Thursday, June 08, 2006

The day my daughter almost died

After checking with my daughter, she gave me the go-ahead to write about this. Here she is the day she was finally leaving the hospital.
I watched my teen daughter set out for the pool today. She looked beautiful. Then I noticed the large scar across her abdomen and my heart ached as I remembered the day she almost died - the day my stupidity almost killed her.

It all started on a Wednesday. My daughter came home from school saying she didn’t feel well. She had a fever so I gave her some Tylenol and put her to bed.

By Thursday, she seemed better but I could tell she still did not feel 100-percent. Any other mother might have kept her home. But she had perfect attendance and she asked to be allowed to go to school. I gave in, handed her my cell phone, and asked her to call me if she felt worse.

December 2003 -- a horrible flu epidemic had hit our nation. Emergency rooms were full of sick children. Local newspapers addressed the issue of crowded emergency rooms and long waits – many patients were taking up time, space and beds that were normally allotted for more serious conditions.
Why do people run to the emergency room with every little runny nose and cough, I wondered. As a former E.R. nurse, I saw plenty of cases where a child could benefit with a little Tylenol and rest. In many cases, the visit to the emergency department was not necessary. Of course, I never advised anyone against coming in. "Bring the child in," I would always say.
Sadly, I did not take my own advice. Since I never rush into the emergency room for every little ache or pain, I saw no need to take her in.

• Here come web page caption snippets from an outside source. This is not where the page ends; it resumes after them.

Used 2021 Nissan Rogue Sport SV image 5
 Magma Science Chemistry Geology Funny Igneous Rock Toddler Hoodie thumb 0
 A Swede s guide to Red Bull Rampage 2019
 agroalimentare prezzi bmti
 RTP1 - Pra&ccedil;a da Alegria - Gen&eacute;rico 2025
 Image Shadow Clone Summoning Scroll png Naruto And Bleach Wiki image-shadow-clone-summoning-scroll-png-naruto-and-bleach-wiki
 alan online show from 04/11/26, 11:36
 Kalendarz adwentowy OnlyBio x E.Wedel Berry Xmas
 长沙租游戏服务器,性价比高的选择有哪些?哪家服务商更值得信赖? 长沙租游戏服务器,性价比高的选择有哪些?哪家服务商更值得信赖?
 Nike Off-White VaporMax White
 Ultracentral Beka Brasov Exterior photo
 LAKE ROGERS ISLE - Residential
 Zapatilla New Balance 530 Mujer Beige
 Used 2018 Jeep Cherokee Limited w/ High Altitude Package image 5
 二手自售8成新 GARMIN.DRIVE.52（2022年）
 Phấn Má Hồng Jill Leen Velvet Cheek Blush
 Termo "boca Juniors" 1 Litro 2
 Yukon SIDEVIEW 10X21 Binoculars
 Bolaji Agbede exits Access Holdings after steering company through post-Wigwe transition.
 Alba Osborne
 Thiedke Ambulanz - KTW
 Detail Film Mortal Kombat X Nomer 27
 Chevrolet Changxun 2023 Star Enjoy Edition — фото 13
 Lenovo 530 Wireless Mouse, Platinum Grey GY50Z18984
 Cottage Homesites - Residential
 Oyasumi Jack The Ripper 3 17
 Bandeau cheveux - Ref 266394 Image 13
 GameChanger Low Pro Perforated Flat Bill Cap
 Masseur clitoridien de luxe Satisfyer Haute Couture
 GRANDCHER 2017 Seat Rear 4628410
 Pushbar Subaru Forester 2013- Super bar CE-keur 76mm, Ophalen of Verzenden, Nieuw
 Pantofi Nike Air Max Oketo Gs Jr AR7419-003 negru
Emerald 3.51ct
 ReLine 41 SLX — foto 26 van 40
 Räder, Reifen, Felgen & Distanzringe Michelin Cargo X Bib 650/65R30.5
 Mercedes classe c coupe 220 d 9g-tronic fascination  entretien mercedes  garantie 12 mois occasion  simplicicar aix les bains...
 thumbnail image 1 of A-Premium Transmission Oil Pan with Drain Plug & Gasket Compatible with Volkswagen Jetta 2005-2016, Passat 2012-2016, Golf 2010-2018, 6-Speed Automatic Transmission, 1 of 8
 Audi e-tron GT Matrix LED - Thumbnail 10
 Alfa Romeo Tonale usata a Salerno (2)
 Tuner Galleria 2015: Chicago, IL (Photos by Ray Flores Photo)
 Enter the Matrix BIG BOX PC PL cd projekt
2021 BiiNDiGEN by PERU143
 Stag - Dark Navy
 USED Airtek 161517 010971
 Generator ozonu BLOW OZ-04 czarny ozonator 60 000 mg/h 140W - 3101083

Sure enough, the school nurse called me. She told me she had sent several kids home that day with the flu and it looked like Catherine had the same thing.

Friday, my daughter got up and tried to go to school. This time I said no. She didn’t argue with me and went back to bed. Later, I heard her crying out, asking me to help her. I sat up with her, gave her Tylenol, and each time, she'd settle back down. She was not experiencing lower, right-quadrant pain, so I did not believe it was appendicitis. With so many people having the same general stomach-discomfort symptoms, we had no reason to believe it was anything else.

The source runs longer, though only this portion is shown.